For those participants, the researchers played the same set of 165 sounds that they used in the earlier fMRI study. The location of each patient’s electrodes was determined by their surgeons, so some did not pick up any responses to auditory input, but many did. Using a novel statistical analysis that they developed, the researchers were able to infer the types of neural populations that produced the data that were recorded by each electrode.

“When we applied this method to this data set, this neural response pattern popped out that only responded to singing,” Norman-Haignere says. “This was a finding we really didn’t expect, so it very much justifies the whole point of the approach, which is to reveal potentially novel things you might not think to look for.”

That song-specific population of neurons had very weak responses to either speech or instrumental music, and therefore is distinct from the music- and speech-selective populations identified in their 2015 study.

Music in the brain

In the second part of their study, the researchers devised a mathematical method to combine the data from the intracranial recordings with the fMRI data from their 2015 study. Because fMRI can cover a much larger portion of the brain, this allowed them to determine more precisely the locations of the neural populations that respond to singing.

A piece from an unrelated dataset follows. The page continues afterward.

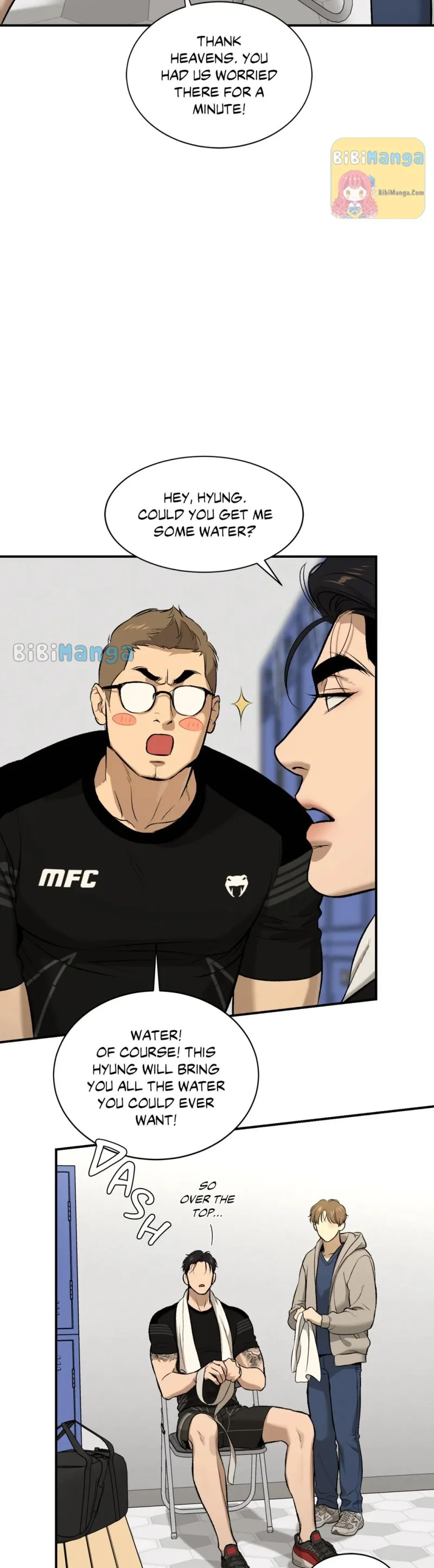 Jinx Chapter 15 Online - página 52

“This way of combining ECoG and fMRI is a significant methodological advance,” McDermott says. “A lot of people have been doing ECoG over the past 10 or 15 years, but it’s always been limited by this issue of the sparsity of the recordings. Sam is really the first person who figured out how to combine the improved resolution of the electrode recordings with fMRI data to get better localization of the overall responses.”

The song-specific hotspot that they found is located at the top of the temporal lobe, near regions that are selective for language and music. That location suggests that the song-specific population may be responding to features such as the perceived pitch, or the interaction between words and perceived pitch, before sending information to other parts of the brain for further processing, the researchers say.

The researchers now hope to learn more about what aspects of singing drive the responses of these neurons. They are also working with MIT Professor Rebecca Saxe’s lab to study whether infants have music-selective areas, in hopes of learning more about when and how these brain regions develop.

Here’s a link to and a citation for the paper,

A neural population selective for song in human auditory cortex by Sam V. Norman-Haignere, Jenelle Feather, Dana Boebinger, Peter Brunner, Anthony Ritaccio, Josh H. Mcdermott, Gerwin Schalk, Nancy Kanwisher. Current Biology, 2022 DOI: 10.1016/j.cub.2022.01.069 Published February 22, 2022.

This paper appears to be open access.